It’s rare that I would write a post based on two, back-to-back posts of another blogger. And, I’m not one to laud the big agencies or the guys at the top of the PR pile.
But, Richard Edelman has had two interesting (for me, at least) posts in the last week that I would recommend as reading for anyone interested in PR and social media and the impact of new technologies on the news business and the work of media relations specialists.
The Old Lions Roar is Edelman eavesdropping on the PRWeek panel in Chicago last week featuring the founders of public relations as we have known it in the past half century or so: Dan Edelman, Harold Burson, David Finn and Al Golin. Apart from their work ethic and longevity, what surprised me was their common background prior to PR in the military and in the news business.
Tectonic Plates Shifting is a summary of Edelman’s notetaking from the second annual New Media Academic Summit hosted by Edelman and PRWeek in Chicago.

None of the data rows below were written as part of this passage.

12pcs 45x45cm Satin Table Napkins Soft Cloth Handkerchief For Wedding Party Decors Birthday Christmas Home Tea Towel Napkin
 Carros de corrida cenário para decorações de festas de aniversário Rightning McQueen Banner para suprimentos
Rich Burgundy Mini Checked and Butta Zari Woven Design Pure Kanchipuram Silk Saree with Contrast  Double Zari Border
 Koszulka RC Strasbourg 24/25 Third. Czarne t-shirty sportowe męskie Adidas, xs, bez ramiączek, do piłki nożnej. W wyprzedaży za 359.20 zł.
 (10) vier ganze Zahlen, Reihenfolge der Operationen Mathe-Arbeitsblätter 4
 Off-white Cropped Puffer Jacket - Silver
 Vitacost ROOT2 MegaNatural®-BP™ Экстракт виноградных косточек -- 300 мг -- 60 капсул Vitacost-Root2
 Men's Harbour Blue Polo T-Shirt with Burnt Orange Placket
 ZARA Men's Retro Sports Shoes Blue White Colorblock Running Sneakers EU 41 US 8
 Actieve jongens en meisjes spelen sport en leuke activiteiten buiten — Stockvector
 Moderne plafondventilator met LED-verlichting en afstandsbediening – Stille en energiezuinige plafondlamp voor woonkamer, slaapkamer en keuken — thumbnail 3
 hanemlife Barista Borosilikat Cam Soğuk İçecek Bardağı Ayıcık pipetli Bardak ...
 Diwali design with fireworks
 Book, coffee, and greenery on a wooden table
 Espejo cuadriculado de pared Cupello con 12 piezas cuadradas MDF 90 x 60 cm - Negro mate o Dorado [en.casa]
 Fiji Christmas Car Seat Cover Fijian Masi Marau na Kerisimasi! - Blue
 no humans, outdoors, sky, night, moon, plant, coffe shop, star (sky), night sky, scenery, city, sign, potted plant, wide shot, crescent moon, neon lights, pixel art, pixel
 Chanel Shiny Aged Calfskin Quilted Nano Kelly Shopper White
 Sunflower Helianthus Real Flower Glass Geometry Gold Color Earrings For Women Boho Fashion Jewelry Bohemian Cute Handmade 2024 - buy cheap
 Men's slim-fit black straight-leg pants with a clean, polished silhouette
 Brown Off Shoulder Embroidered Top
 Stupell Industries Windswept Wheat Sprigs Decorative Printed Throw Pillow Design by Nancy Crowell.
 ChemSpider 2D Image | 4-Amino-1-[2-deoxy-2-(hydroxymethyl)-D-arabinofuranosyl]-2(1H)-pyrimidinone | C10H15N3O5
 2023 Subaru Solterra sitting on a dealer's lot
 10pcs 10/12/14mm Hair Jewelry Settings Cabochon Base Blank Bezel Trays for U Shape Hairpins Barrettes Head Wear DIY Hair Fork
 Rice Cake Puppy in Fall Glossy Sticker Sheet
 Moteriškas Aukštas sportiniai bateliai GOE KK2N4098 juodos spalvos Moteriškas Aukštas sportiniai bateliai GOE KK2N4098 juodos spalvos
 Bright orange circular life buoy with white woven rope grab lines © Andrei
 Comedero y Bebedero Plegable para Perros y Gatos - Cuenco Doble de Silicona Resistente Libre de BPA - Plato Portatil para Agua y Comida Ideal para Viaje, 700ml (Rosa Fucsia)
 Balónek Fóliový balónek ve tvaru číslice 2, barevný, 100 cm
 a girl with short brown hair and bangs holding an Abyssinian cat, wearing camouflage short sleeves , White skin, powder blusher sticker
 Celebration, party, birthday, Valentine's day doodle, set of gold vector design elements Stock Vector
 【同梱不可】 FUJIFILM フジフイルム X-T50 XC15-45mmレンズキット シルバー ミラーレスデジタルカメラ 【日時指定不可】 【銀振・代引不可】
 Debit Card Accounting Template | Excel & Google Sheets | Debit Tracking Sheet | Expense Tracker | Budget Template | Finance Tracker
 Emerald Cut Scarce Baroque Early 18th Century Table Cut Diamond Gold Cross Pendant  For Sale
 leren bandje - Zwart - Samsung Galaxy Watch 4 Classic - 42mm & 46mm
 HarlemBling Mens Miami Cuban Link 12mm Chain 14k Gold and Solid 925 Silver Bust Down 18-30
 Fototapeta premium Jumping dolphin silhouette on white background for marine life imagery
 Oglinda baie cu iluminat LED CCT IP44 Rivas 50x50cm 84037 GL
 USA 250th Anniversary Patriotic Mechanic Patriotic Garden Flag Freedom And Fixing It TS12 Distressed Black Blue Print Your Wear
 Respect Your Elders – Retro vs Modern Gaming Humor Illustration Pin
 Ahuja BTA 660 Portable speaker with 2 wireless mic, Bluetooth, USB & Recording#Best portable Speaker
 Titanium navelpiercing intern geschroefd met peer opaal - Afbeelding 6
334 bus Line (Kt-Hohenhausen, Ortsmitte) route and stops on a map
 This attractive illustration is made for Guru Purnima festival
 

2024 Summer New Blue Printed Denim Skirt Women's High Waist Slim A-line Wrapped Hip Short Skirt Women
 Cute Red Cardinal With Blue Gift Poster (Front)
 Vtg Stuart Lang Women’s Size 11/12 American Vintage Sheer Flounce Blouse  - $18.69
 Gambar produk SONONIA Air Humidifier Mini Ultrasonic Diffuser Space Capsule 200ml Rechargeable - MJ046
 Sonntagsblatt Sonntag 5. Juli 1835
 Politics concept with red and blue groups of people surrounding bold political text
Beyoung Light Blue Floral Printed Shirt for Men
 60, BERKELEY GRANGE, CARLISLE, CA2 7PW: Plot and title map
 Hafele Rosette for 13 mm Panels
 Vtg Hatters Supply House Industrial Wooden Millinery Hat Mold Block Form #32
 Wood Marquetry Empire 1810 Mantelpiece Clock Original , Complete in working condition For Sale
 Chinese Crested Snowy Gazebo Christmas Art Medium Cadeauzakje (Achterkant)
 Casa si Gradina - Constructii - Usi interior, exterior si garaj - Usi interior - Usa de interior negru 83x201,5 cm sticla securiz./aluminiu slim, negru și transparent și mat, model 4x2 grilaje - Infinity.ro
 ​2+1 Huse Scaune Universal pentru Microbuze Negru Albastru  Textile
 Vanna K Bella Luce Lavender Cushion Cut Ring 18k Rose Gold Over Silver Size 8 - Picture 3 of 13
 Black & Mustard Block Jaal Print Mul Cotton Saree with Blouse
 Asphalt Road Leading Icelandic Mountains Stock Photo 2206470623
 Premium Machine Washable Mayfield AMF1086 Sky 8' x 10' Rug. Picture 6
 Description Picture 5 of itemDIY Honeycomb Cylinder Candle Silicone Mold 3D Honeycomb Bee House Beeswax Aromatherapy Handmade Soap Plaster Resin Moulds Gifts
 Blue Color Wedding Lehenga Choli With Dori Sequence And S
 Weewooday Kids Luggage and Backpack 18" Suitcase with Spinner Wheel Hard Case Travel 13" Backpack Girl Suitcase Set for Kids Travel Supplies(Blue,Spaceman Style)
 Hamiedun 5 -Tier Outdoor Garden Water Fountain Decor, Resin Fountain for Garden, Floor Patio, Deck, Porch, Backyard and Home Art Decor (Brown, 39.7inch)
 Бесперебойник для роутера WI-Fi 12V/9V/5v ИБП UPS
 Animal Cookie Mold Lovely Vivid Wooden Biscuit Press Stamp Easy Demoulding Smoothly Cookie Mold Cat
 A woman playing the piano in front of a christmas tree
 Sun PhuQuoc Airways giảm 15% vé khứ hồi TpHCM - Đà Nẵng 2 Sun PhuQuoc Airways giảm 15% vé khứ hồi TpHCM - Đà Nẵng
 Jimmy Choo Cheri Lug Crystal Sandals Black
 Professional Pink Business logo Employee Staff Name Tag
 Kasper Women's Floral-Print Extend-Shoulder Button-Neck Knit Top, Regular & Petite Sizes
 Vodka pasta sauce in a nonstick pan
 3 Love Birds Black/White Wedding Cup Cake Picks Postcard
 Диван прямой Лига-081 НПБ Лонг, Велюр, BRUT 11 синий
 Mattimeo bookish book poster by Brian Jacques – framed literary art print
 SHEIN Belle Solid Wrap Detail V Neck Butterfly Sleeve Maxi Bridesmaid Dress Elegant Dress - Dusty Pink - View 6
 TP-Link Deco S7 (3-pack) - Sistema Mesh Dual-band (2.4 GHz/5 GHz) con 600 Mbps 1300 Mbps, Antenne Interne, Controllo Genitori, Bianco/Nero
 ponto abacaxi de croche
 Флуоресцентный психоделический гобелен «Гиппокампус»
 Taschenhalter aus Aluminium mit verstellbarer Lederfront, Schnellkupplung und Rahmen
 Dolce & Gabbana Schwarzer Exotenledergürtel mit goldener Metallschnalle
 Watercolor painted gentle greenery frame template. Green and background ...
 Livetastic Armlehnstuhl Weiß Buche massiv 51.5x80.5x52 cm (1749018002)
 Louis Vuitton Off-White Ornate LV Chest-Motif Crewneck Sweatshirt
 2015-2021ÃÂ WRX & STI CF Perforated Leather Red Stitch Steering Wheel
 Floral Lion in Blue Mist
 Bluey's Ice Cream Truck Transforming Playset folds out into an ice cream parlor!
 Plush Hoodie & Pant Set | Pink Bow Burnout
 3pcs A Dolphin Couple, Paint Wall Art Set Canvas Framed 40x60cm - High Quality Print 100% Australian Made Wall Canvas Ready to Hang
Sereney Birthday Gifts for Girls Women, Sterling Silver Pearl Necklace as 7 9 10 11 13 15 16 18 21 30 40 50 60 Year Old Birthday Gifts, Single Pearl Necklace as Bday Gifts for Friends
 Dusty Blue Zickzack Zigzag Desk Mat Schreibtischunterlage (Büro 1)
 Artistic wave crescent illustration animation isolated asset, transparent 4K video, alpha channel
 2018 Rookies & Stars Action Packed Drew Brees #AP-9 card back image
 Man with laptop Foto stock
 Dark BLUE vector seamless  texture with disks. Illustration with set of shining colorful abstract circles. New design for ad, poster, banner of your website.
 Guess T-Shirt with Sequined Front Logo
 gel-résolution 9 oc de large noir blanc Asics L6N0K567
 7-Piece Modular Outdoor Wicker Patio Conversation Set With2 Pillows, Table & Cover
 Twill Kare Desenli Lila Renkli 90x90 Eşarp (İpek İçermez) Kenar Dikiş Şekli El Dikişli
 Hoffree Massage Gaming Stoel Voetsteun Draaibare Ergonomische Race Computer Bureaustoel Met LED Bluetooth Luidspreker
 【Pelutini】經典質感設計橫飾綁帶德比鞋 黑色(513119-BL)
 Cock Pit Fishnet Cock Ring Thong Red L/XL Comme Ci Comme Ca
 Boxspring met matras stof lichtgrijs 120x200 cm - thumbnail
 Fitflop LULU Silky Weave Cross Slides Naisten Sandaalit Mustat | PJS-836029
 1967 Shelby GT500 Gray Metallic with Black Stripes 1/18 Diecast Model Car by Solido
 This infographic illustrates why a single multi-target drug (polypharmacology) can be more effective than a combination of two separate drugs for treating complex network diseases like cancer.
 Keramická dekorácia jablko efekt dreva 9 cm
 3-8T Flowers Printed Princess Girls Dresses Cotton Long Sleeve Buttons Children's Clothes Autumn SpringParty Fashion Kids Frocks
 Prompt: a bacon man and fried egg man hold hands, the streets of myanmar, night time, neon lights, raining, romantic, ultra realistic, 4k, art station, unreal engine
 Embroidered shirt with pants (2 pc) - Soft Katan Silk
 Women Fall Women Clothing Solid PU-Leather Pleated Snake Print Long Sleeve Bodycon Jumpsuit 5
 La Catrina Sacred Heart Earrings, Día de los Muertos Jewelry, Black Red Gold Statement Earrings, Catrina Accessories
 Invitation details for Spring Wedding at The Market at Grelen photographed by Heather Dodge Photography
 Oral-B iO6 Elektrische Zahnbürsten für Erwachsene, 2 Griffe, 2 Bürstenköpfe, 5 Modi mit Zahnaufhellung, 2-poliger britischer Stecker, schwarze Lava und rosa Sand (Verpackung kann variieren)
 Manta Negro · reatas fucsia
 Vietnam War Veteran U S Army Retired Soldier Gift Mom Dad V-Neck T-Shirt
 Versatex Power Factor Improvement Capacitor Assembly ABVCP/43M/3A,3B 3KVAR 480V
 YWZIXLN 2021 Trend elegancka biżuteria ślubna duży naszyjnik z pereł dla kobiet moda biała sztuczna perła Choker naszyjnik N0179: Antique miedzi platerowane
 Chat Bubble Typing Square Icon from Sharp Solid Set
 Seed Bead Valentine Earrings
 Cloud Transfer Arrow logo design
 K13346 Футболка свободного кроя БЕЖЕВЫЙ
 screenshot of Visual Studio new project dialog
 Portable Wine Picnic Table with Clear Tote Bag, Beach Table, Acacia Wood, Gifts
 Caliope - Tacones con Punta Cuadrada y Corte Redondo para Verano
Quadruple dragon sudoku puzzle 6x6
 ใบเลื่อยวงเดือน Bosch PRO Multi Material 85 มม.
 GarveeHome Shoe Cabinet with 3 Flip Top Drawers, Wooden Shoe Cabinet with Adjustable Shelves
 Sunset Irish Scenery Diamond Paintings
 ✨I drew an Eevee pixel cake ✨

I found particularly interesting the comments that newspapers continue to segregate digital and print content (despite so many signs that vanguard newsrooms have already “gotten it” in the U.S. and Europe, particularly); as well as the recognition that the top-down model of communications is clearly being/has now been replaced by what is being called the “open dialogue” model.
You may or may not like Edelman’s 6 a.m. blog, but I found both of these pieces informative and a real contribution to the ongoing debate about what PR and the news media have been and are becoming in the era of Web 2.0.